ERCIM News No.39 - October 1999

## Constraint Programming

by Krzysztof R. Apt

The central notion in the area of constraint programming is a constraint satisfaction problem (CSP). A CSP consists of a finite set of constraints, which are simply relations over some domains. The task of constraint programming consists of formulating the initial problem as a CSP and of solving it by means of general or domain specific methods. ‘Solving’ can mean finding a solution, all solutions or the best solution with respect to some quality measure.

The general methods are usually concerned with techniques of reducing the search space and with specific search methods. The main idea is to reduce a given CSP to another one that is equivalent (i.e., has the same set of solutions) but is easier to solve. This process is called constraint propagation and the algorithms that achieve such a reduction are called constraint propagation algorithms. So these algorithms reduce the search space and consequently attempt to limit the combinatorial explosion. Which type of constraint propagation is used depends on the initial choice of constraints and domains and on the applications. In practice several different constraint propagation algorithms were proposed.

In contrast, the domain specific methods are usually provided in the form of special purpose algorithms or specialised packages, usually called constraint solvers. Typical examples of constraint solvers are:
• a program that solves systems of linear equations
• a package for linear programming
• an implementation of the unification algorithm, a cornerstone of automated theorem proving.

This distinction between the general and domain specific methods is crucial and one needs to keep it in mind when studying constraint programming so that one does not apply general methods when efficient special purpose techniques are available. This distinction naturally calls for systems for constraint programming in which both the general and the domain specific methods are available. The former are usually present in the form of a built-in constraint propagation for a selected type of constraints and of specific constructs that support search, while the latter are often present in the form of various built-ins that allow one to call directly specific constraint solvers.

Problems that can be solved in a natural way by means of constraint programming are usually those for which efficient algorithms are lacking (for example computationally intractable problems) or for which formalization in terms of laws (for example electrical engineering problems) leads to a more flexible style of programming in which the dependencies between the relevant variables can be expressed in the most general form.

In fact, many computational problems are not precisely defined or their precise specification may depend on such factors as the time limit required for the generation of a solution. When solving such problems one usually needs to proceed by several iterations. Modelling these problems by means of constraints can be often beneficial. Indeed, the appropriate modification of the program can then be often taken care of by modification of some constraints or by altering an appropriate fixed program component, for example the one that defines the adopted search method.

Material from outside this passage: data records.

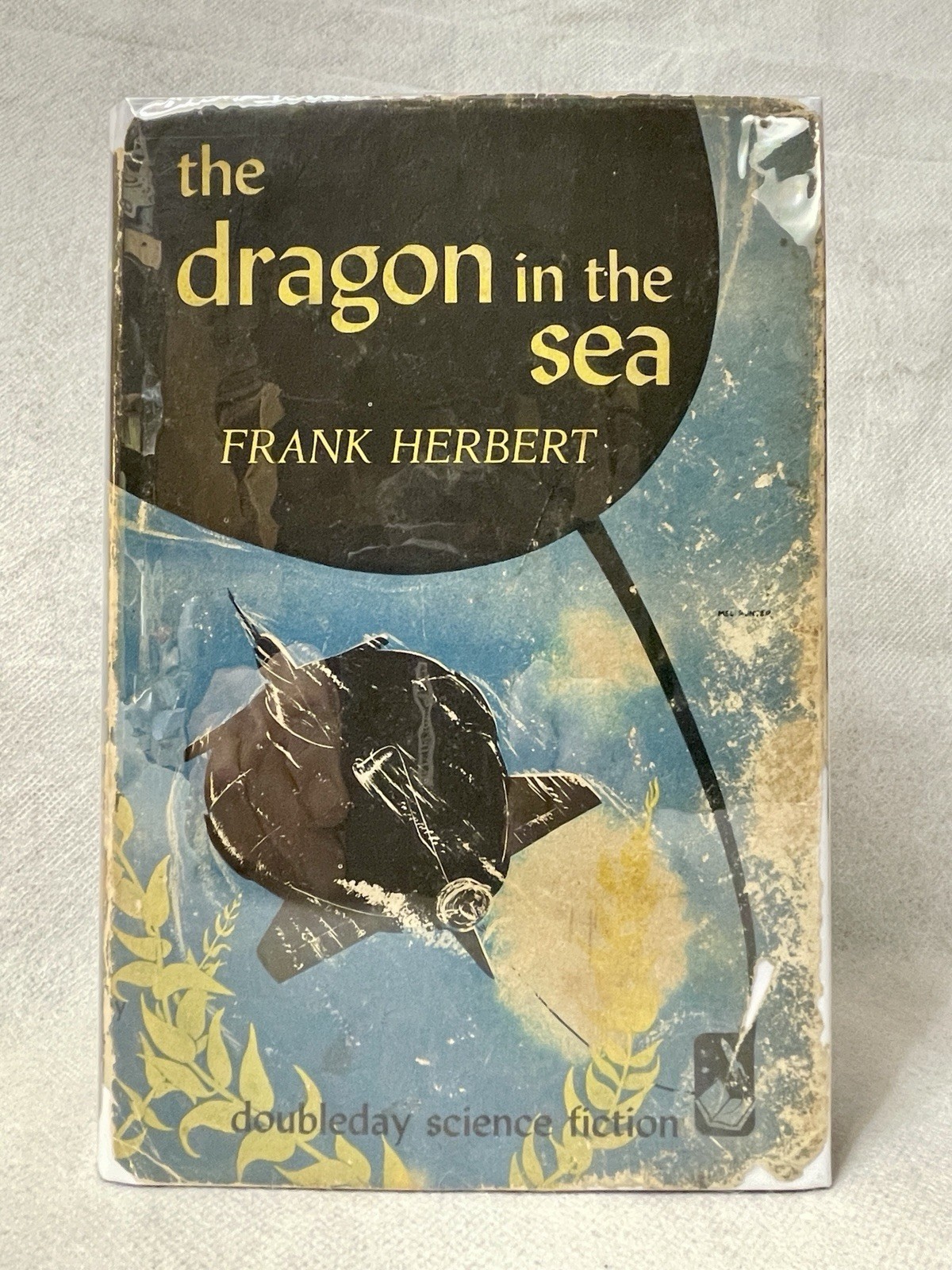 The Dragon In the Sea – bce – Frank Herbert Dune – hardcover (1956)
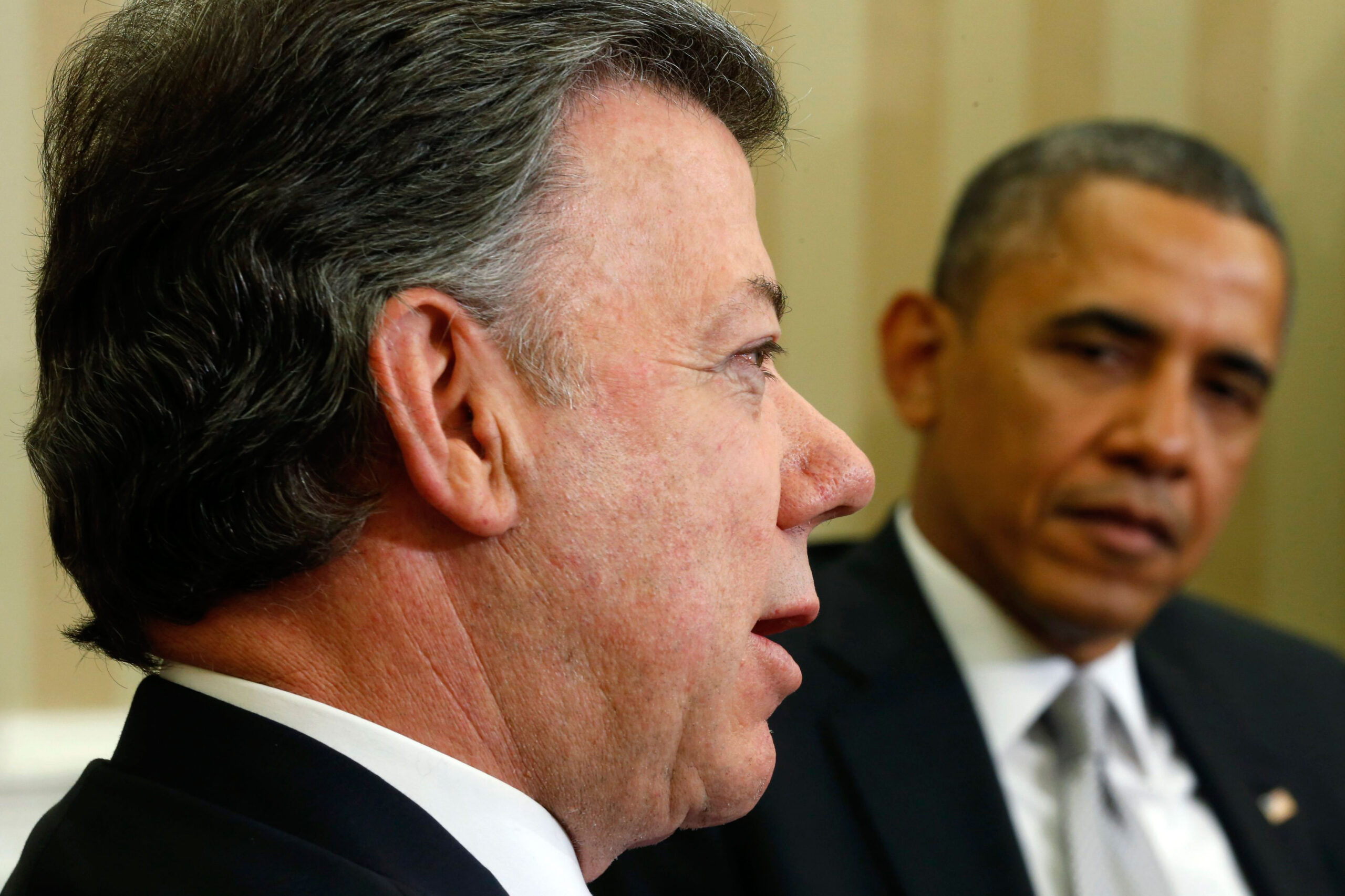 Obama recibe entre elogios a Juan Manuel Santos, su homólogo colombiano por la lucha contra las FARC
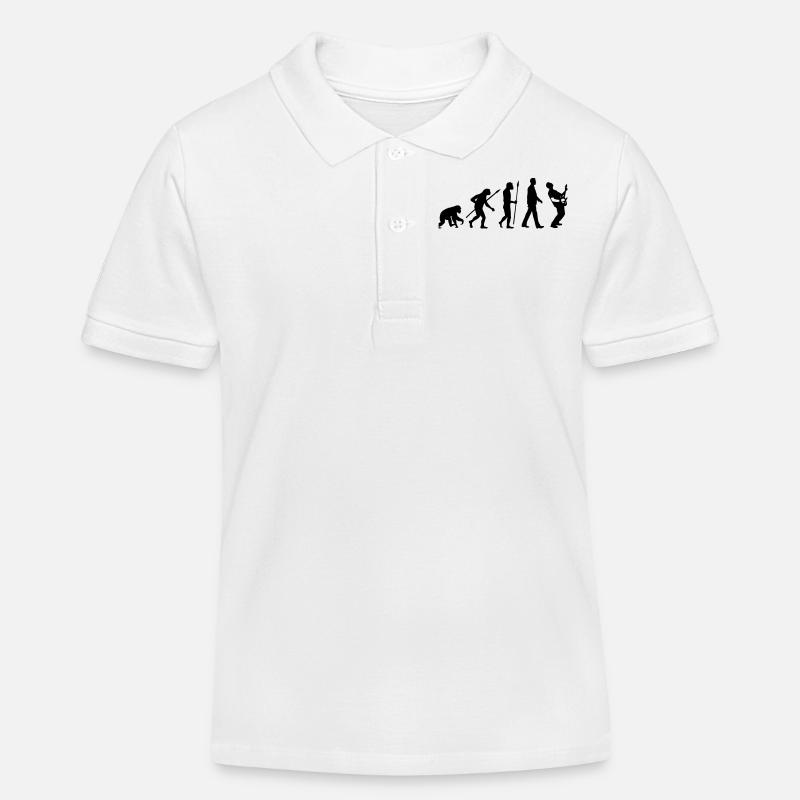evolution_rocks_032012_l1c - Polo enfant bio Stanley/Stella - blanc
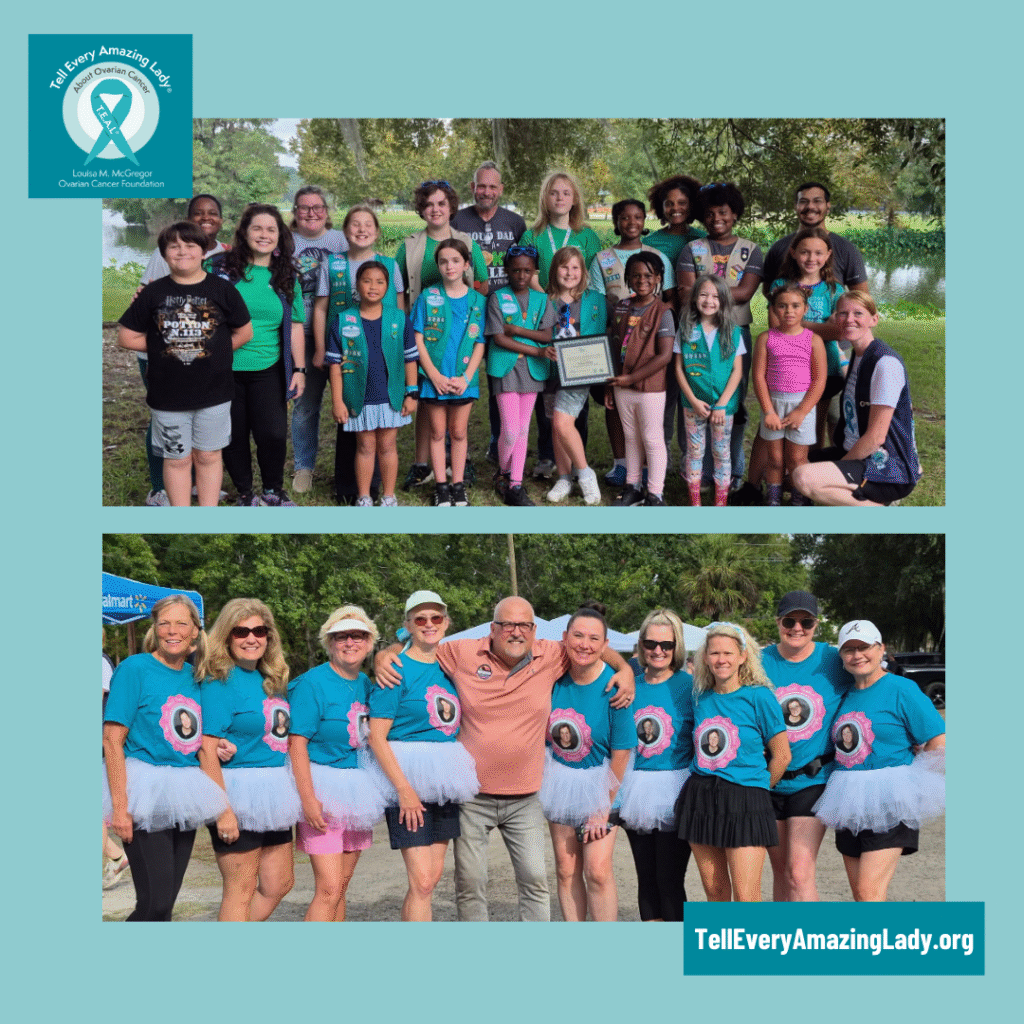 12th annual savannah teal walk for ovarian cancer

An additional aspect brought in by constraint programming is that modelling by means of constraints leads to a representation by means of relations. In a number of circumstances this representation allows us to use the same program for different purposes. This can be useful in several cases, for instance when trying to figure out which input led to a given output. In conventional programming languages relations have to be converted first to functions and this possibility is then lost.

The use of relations as a basis for problem formulation bears some resemblance to database systems, for instance relational databases. The difference is that in database systems such relations (tables) are usually explicitly given and the task consists of efficiently querying them, while in constraint programming these relations (for instance equations) are given implicitly and the task consists of solving them.

We can summarize the above mentioned characteristics of constraint programming as follows:
• the programming process consists of two phases: a generation of a problem representation as a CSP, and a solution of it; in practice, both phases can consist of several smaller steps and can be interleaved
• the representation of a problem by means of constraints is very flexible because the constraints can be added, removed or modified
• the use of relations to represent constraints blurs the difference between input and output. This makes it possible to use the same program for a number of purposes.

The ERCIM Working Group on Constraints was founded in the fall of 1996 in order to facilitate the dissemination of knowledge in the area of Constraint Programming between the ERCIM researchers. In the meantime it comprises 14 ERCIM institutes. This shows substantial interest in this field.

The research within the group led to a number of scientific collaborations among members of different institutes and to a couple of joint research initiatives. So far three scientific meetings took place. The fourth one will take place this October on Cyprus. In April this year the group shared with two other ERCIM Working Groups the ERCIM award.

In the field of Constraint Programming techniques from Artificial Intelligence, Operations Research and Mathematical Logic are often combined. This leads to exciting new challenges. In particular, an ongoing research challenge consists in finding efficient constraint propagation algorithms that are tailored to specific constraints (such as the ones used for representing scheduling problems). On the programming side there is a continuing need to design and implement better constraint programming languages and environments. On the applications side one keeps finding new applications for this style of programming. Interesting recent examples include computer music and virtual reality applications.